Provider Audit General Information
The Centers for Medicare and Medicaid Services (CMS) regulations require a Medicare cost report to be filed on or before the last day of the fifth month following the close of the period covered by the report.
If the cost report is filed timely and indicates an amount is due the Medicare program, interest will accrue on that amount from the date the cost report is due unless:
- Full payment is submitted to the lockbox address, or
- You request in writing and we agree in advance to liquidate the overpayment through a reduction in interim payments over the next 30-day period.

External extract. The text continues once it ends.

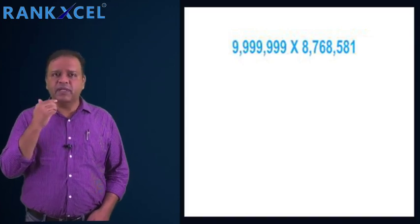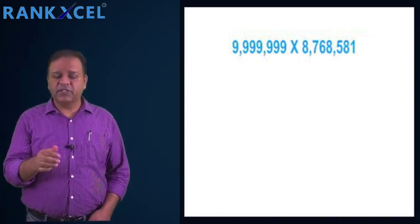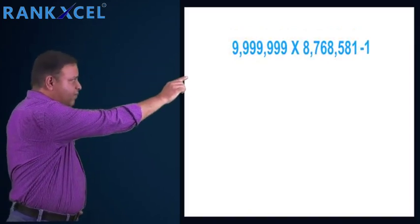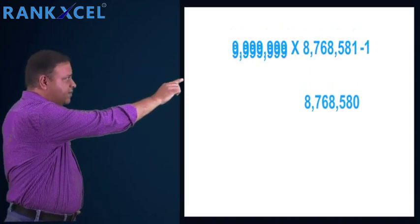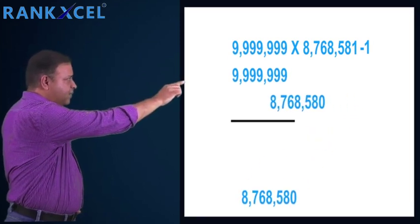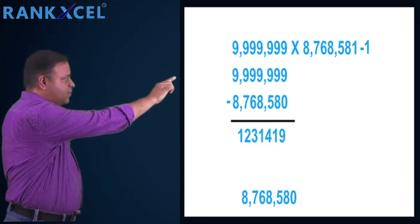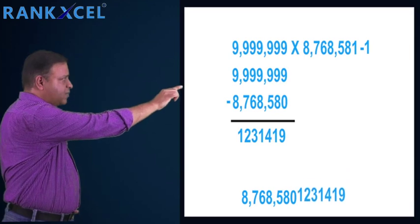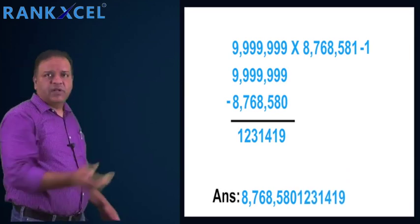Hello students, today we are going to learn an amazing technique of multiplication. Subtract one from the multiplier — the resulting answer you bring it down once, and once again you subtract from the multiplier. The answer you got, just bring it down next to the bottom copied number. That's all about this technique.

Should you fail to file a timely cost report and it is later determined that an overpayment exists, interest will also be assessed on that overpayment. Under Title 42 CFR Section 405.378 (b)(2), interest charges are assessed in thirty-day periods. Thus, if payment is received 31 days from the date of final determination, one 30-day period of interest will be assessed and for each full 30-day period until the debt is paid in full.
In compliance with CMS instructions, any extension of time in filing your report must have prior approval by your contractor. If an extension is needed, you must write us a letter explaining the full details regarding the necessity of the extension.
Cost reports that are not filed timely will result in 100% of the provider's payments being suspended. If you cannot submit your cost report by the due date, you may contact us prior to the cost report due date and request a reduction in the rate of suspension. If there is good cause to approve the request, a recommendation will be made to the CMS Regional Office (RO) that the provider's suspension rate be reduced to 50% for a 60-day period. If the RO concurs, we will change the suspension rate to 50%. If on the 61st day the cost report has not been received the rate of suspension will increase to 100%.